WORK INSTRUCTION ->
Would you quote every entry exactly, dropping only the pictures?

[Collection entries]
________________________
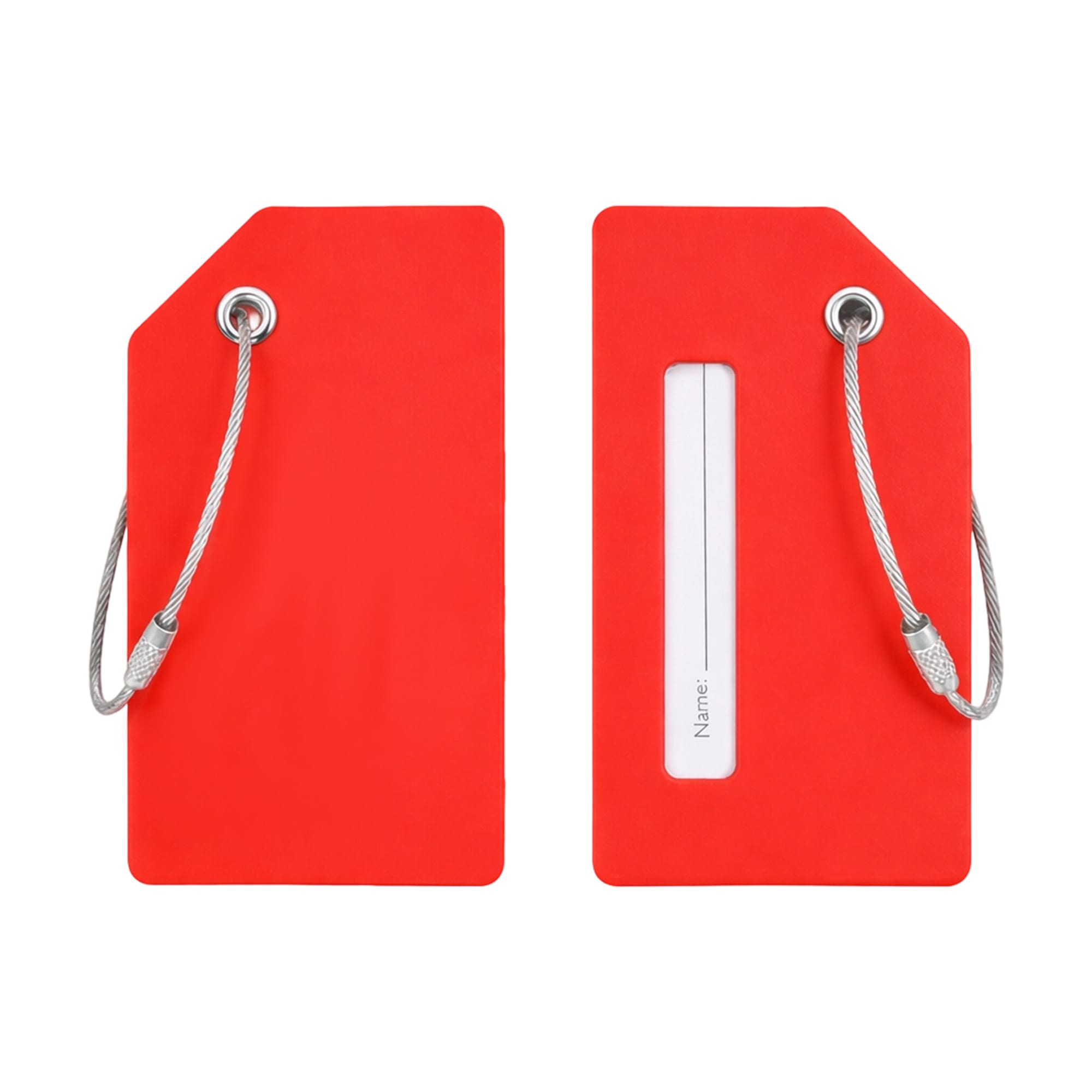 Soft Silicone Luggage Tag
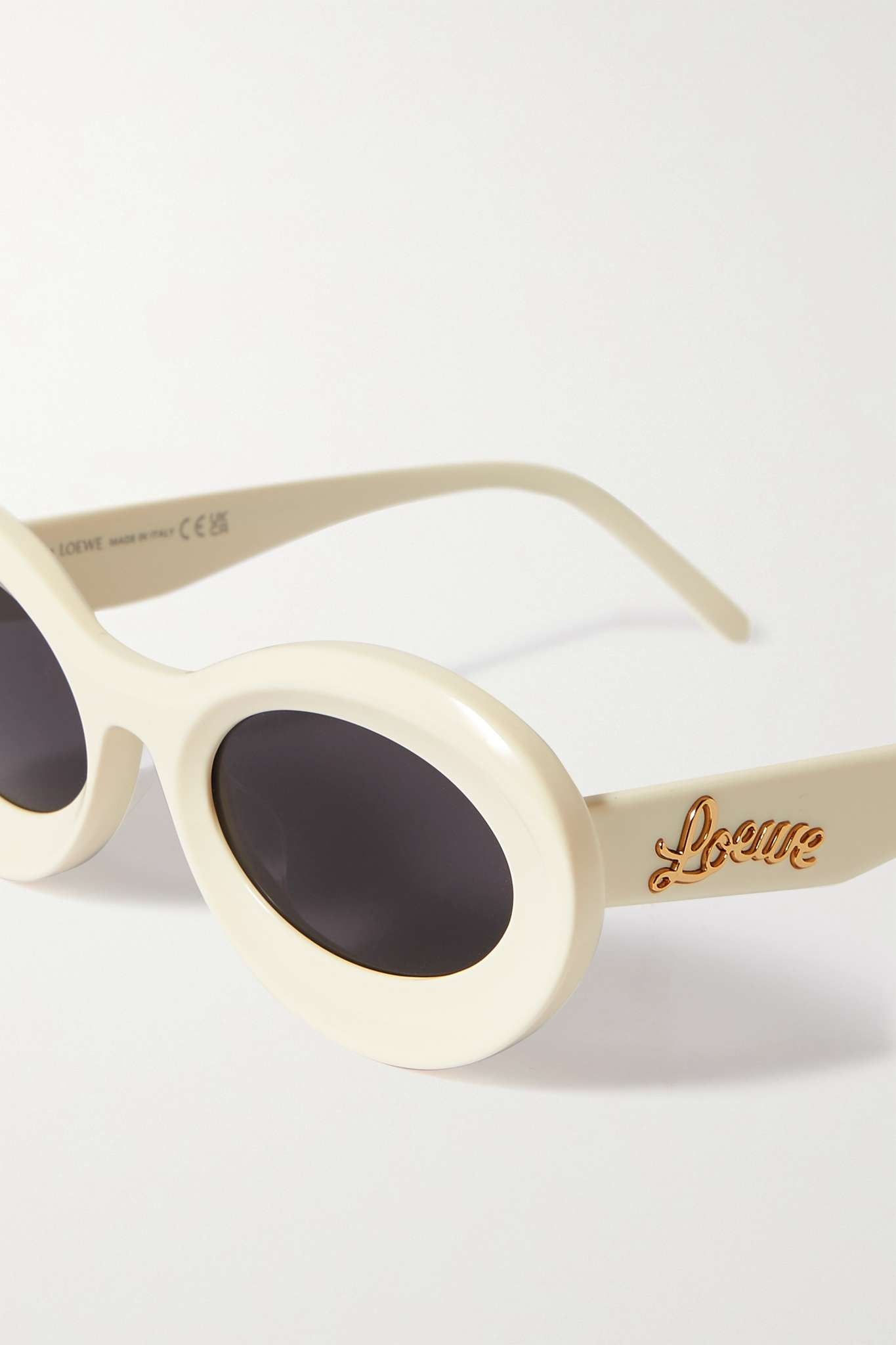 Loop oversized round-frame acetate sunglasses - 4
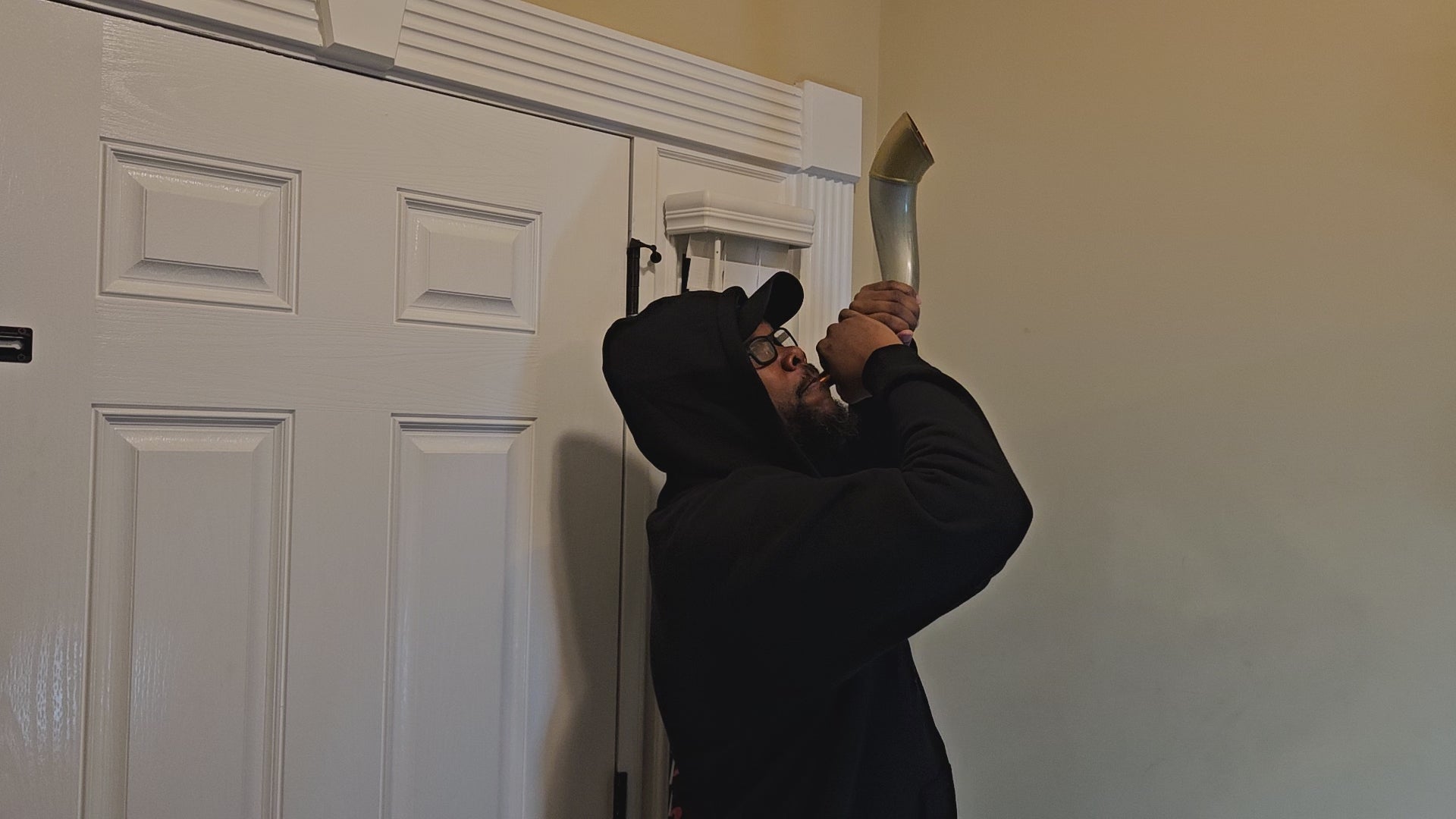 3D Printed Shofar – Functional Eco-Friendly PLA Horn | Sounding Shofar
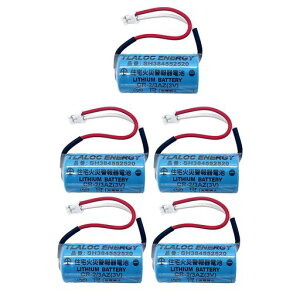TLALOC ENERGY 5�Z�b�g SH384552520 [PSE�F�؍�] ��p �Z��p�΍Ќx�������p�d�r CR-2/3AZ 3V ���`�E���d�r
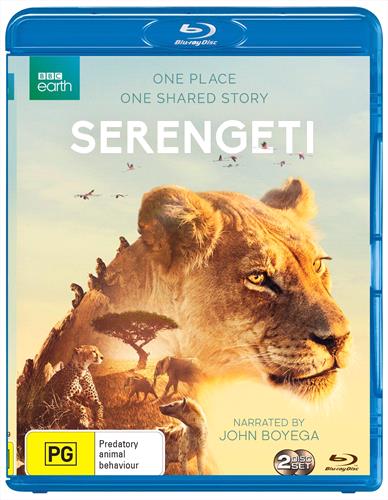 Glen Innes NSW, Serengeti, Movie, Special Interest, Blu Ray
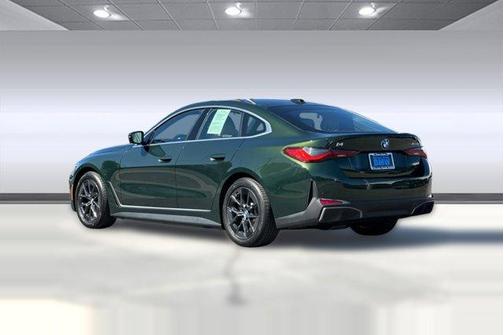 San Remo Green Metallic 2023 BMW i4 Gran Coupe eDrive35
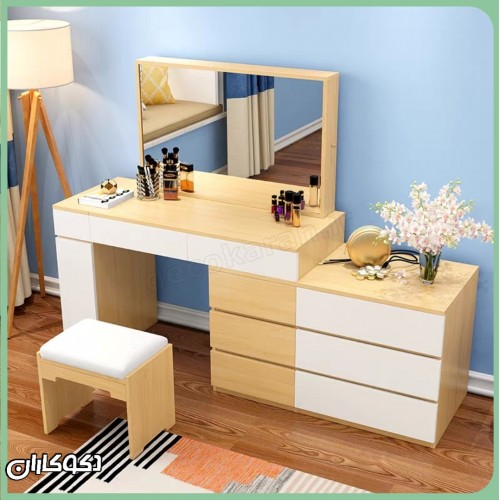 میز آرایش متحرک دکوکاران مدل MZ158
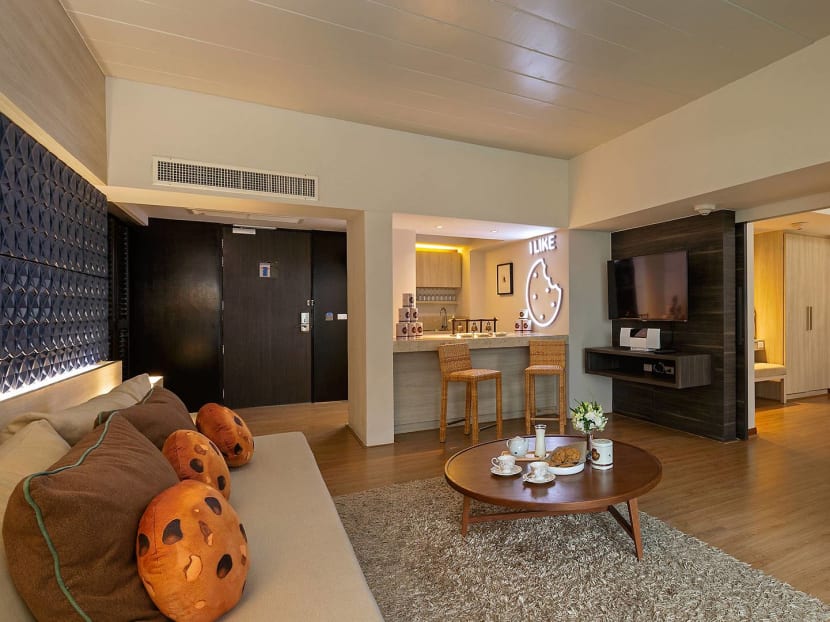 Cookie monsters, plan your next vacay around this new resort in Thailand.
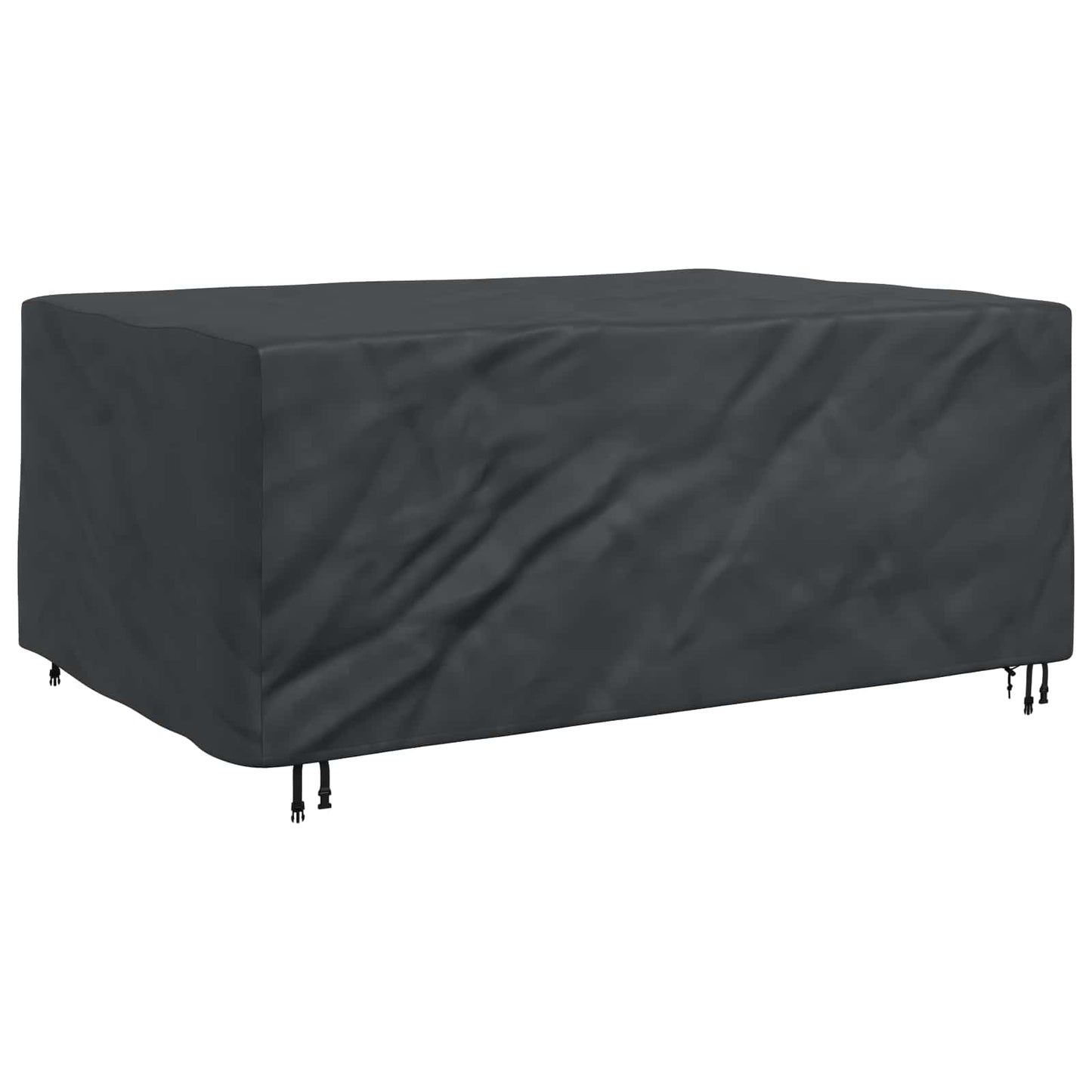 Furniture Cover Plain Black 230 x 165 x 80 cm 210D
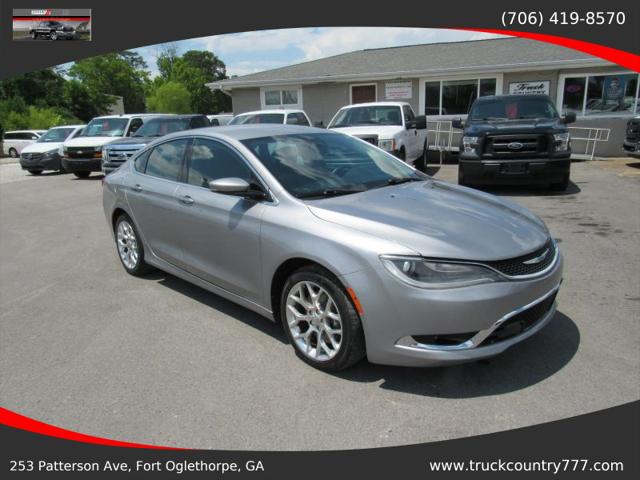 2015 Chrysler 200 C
________________________
ANSWER FOR THIS EXERCISE ->
 Soft Silicone Luggage Tag
 Loop oversized round-frame acetate sunglasses - 4
 3D Printed Shofar – Functional Eco-Friendly PLA Horn | Sounding Shofar
TLALOC ENERGY 5�Z�b�g SH384552520 [PSE�F�؍�] ��p �Z��p�΍Ќx�������p�d�r CR-2/3AZ 3V ���`�E���d�r
 Glen Innes NSW, Serengeti, Movie, Special Interest, Blu Ray
 San Remo Green Metallic 2023 BMW i4 Gran Coupe eDrive35
 میز آرایش متحرک دکوکاران مدل MZ158
 Cookie monsters, plan your next vacay around this new resort in Thailand.
 Furniture Cover Plain Black 230 x 165 x 80 cm 210D
 2015 Chrysler 200 C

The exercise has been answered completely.